MycroftAI / mimic2

Text to Speech engine based on the Tacotron architecture, initially implemented by Keith Ito.
Apache License 2.0
580 stars 103 forks source link

How many recording hours is mimic trained on? #52

Closed NoamDev closed 4 years ago

NoamDev commented 4 years ago

Is it possible the main problem is lack of data? In google's example they trained it with 22 hours, but the samples of mimic it was trained on only 16 hours.

el-tocino commented 4 years ago

What problem are you experiencing?

NoamDev commented 4 years ago

It's just that it doesn't sound as good as in google's sample. Google trained their model with 22 recording hours, but in the README here, it says the linked examples were generated from a model trained with only 16 hours of recording. Could more training data make the model better? Has anyone tried such thing?
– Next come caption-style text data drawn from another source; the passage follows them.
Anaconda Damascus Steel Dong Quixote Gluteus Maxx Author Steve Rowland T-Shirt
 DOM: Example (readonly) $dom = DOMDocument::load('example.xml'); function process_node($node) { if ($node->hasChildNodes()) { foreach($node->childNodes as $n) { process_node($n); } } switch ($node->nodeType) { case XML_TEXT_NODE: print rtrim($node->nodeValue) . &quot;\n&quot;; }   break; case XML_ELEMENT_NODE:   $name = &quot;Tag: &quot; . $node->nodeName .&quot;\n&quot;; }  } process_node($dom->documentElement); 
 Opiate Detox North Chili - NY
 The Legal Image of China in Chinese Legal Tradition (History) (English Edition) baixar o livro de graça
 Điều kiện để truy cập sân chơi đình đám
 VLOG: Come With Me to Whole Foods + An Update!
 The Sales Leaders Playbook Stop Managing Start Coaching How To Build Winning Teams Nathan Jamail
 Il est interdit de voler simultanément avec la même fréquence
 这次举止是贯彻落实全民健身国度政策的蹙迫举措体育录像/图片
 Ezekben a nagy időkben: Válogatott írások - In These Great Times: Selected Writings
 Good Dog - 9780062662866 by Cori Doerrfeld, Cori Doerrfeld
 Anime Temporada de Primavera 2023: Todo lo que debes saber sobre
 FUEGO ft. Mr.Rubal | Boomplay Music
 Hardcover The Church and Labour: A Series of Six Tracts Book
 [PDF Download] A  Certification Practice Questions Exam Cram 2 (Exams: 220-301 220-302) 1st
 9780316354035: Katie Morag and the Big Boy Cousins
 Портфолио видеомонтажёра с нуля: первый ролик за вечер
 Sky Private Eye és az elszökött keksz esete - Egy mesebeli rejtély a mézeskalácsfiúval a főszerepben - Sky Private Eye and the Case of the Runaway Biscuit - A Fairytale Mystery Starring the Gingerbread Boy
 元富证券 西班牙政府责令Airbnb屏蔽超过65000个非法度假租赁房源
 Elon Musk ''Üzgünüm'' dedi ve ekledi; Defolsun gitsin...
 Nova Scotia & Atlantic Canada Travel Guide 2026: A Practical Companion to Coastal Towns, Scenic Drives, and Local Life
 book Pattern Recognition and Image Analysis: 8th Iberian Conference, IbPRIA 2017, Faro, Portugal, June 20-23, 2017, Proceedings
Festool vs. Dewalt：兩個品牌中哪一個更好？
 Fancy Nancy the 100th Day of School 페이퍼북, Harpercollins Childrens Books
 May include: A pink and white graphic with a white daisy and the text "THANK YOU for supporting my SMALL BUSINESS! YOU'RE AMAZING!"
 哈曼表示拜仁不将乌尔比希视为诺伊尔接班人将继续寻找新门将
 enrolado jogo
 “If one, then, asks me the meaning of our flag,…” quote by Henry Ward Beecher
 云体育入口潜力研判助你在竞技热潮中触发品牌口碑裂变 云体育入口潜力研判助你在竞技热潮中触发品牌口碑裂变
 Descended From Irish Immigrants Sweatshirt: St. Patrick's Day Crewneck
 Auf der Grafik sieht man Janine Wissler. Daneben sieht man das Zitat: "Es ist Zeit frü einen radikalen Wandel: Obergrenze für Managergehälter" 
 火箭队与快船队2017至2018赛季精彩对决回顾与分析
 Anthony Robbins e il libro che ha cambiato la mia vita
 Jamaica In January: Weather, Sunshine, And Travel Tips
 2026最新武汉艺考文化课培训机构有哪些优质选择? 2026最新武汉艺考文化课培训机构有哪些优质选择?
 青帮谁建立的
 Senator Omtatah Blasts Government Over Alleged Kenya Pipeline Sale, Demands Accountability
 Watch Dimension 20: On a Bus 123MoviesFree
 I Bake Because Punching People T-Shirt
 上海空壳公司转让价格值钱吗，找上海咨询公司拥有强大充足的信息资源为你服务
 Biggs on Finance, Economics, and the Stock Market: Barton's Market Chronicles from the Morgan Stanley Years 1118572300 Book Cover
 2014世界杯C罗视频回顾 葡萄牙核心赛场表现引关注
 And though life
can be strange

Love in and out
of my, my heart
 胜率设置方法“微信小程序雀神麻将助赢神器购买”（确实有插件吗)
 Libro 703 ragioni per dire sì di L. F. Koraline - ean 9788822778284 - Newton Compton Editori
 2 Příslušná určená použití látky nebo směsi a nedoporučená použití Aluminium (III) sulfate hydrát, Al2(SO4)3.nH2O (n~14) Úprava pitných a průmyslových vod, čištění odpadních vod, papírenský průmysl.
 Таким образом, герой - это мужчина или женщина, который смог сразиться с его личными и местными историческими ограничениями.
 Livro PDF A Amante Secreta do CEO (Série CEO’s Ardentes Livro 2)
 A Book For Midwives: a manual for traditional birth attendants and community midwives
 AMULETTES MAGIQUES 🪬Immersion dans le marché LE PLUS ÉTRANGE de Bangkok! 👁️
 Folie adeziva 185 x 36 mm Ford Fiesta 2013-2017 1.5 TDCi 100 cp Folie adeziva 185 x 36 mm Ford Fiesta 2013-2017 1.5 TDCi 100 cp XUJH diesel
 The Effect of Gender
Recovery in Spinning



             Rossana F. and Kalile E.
el-tocino commented 4 years ago

24.6 for tacotron1/2.
The voices you hear from google assistant all run through a vocoder (parallel wavenet or something) as well. They've updated their tts engine with other adjustments; unfortunately, they do not release code and the papers they publish have to be reverse engineered.

To answer your question, there's some small improvements that could be made with more data, possibly. I suspect a better option will be to move to a tacotron2-based tts engine with vocoder instead.

NoamDev commented 4 years ago

I understand, thanks!

el-tocino commented 4 years ago

If you're super interested, they have an archive of their papers: https://google.github.io/tacotron/